Behind The Audio
Friday, May 27, 2022
Media Contact: Jami Mattox | Agricultural Communications Services | 405-744-8061 | email@example.com
A microphone plugs in, a recording light comes on, and a group of people begin to talk.
This is typically how a podcast might begin, right?
Production of the “Extension Experience” podcast is similar to these concepts, but to understand this podcast, one must start with an in-depth look from the beginning.
In 2014, Trent Milacek, area agricultural economics specialist in Oklahoma State University Extension, received questions about possible programming about agricultural topics that clientele could listen to from their phones rather than traveling to a conference. A podcast came to mind, Milacek said.
“We had an understanding that successful podcasts had good quality, so we all knew we could easily get cheap microphones or even just use our smartphones to put the audio together to make a podcast,” said Josh Bushong, OSU Extension area specialist in agronomy. “But, we knew if we were going to do it, we were going to do it right.”
Milacek, Bushong and Dana Zook, area livestock specialist for OSU Extension, worked on the programming concept and finding funding for the equipment for the podcast, Milacek said. Support from OSU Extension administration aided in initial funding for equipment, such as microphones, to start the podcast, Bushong said.
When purchasing the equipment, the total cost was $1,855.76 for the recording deck, cables, stands and mics. Equipment was purchased so four people could be on the podcast at once, he added.
The concept of the podcast was to have something other than traditional programming, Zook said. This medium was another way to reach people rather than through workshops, she said.
Podcast episodes are 15 to 30 minutes in length to keep the listener engaged in the episode, Milacek said. Topics span from general agricultural issues to event opportunities for producers, he added.
“Some of the first podcasts that we did were just very general topics,” Zook said. “After a while, we figured out we could be more specific.”
The topics vary depending on the time of year and what things are happing in agriculture, Bushong said. In the spring, it may be about winter wheat varieties, for example.

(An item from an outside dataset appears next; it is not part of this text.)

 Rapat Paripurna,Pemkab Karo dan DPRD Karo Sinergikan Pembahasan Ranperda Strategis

Each host has a different specialty, but depending on the season, each may be responsible for researching other areas, he said. Events or time-sensitive topics can push other subjects to a later date, Bushong added.
Getting the facts behind a topic and keeping it relevant is crucial, Zook said. Creating an outline about what they plan to talk about helps the flow of the podcast, Zook added, but the recordings are not scripted.

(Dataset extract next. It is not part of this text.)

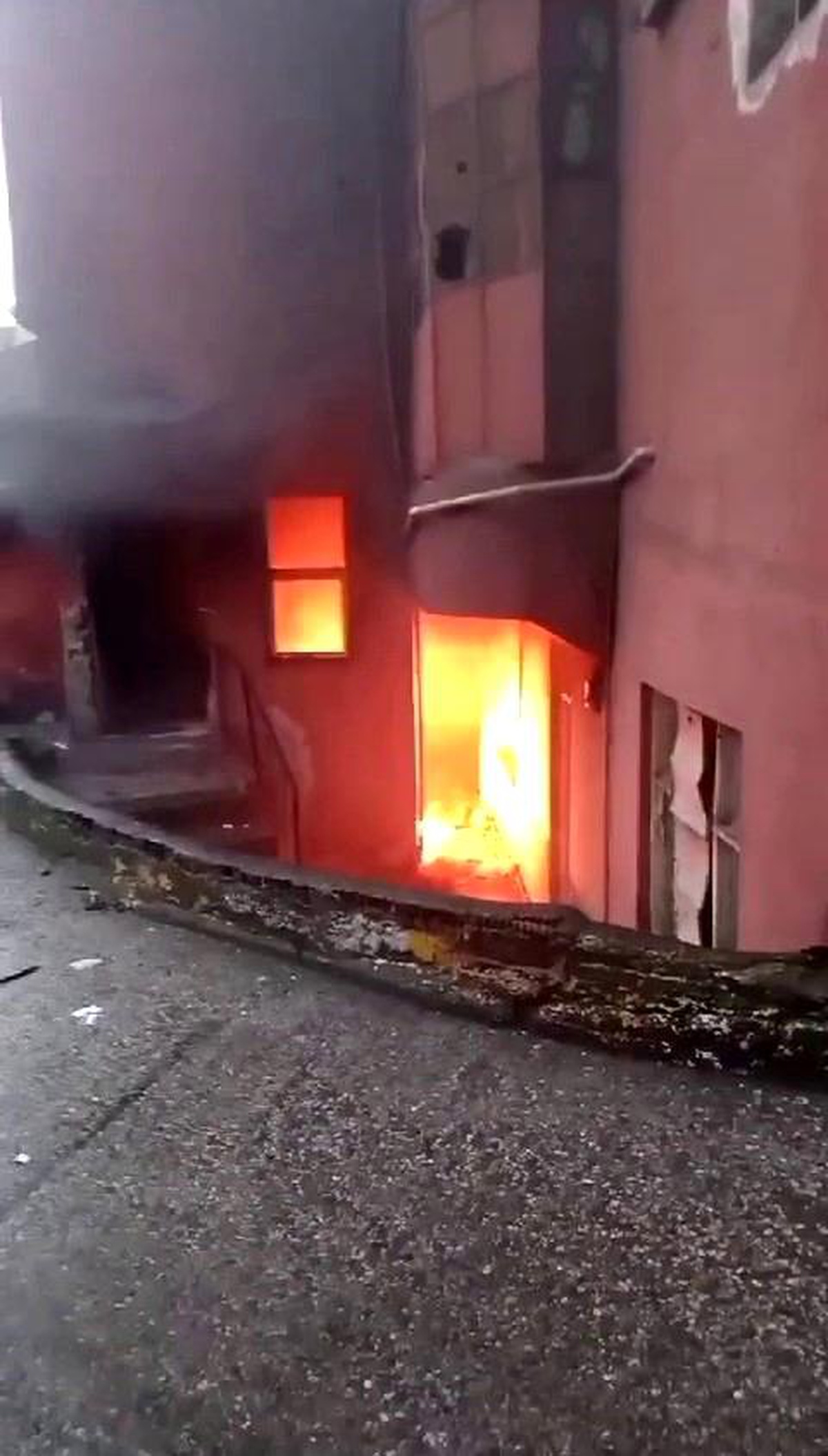 Karabük\'te bir evin deposunda çıkan yangında maddi hasar oluştu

“A lot of what they do in the ‘Extension Experience’ podcast is a real-time thing,” said Karen Eifert Jones, podcast listener. “For me, it’s like listening to a newscast, a little timelier at presenting what we should be thinking about as producers.”

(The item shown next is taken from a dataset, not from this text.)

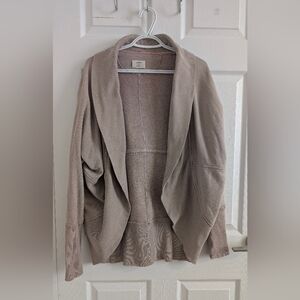 Wilfred Aritzia Cream Open Front Diderot Sweater Cardigan Shawl Collar M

Much of the podcast content comes from fact sheets. That information helps the group prepare to discuss the topic, Zook said.
One of the goals of the podcast is to start a conversation between those who want to learn and those with the information to teach, Bushong said.
Being able to keep things brief, the group can talk about issues but still make it easier to talk to one another and provide a steady flow the audience can follow, he added.
By getting the conversation started, hopefully people will ask questions and bring it up to an industry leader or extension educator, Bushong said.
The main audience of the podcast has been producers as well as chemical or seed company employees who share the podcast, Bushong said. Even some people who are not involved in the agricultural industry have found and listen to the podcast, Bushong said.
“We try to keep it to where someone who has no experience with what we are talking about can enjoy it,” he said.
A lot of work goes into producing the podcast, Milacek said. The three-person team does the recording, editing and publishing, but the recording location often changes, he added.
OSU Agricultural Communications Services helped the podcast have a home on the OSU website by creating a landing page, logo for the podcast and a place for all episodes from the first episode in 2020 to the present, Milacek said.
“I hope Josh, Dana and Trent continue to produce the podcast,” Jones said. “There is a lot of value in making the research of OSU accessible to farmers where we are, instead of making us come to them.”
Listeners can find the podcast on Apple Podcasts, Google Podcasts, Spotify and other streaming platforms.
“The sky is the limit as far as where we would like to go with the podcast,” Zook said.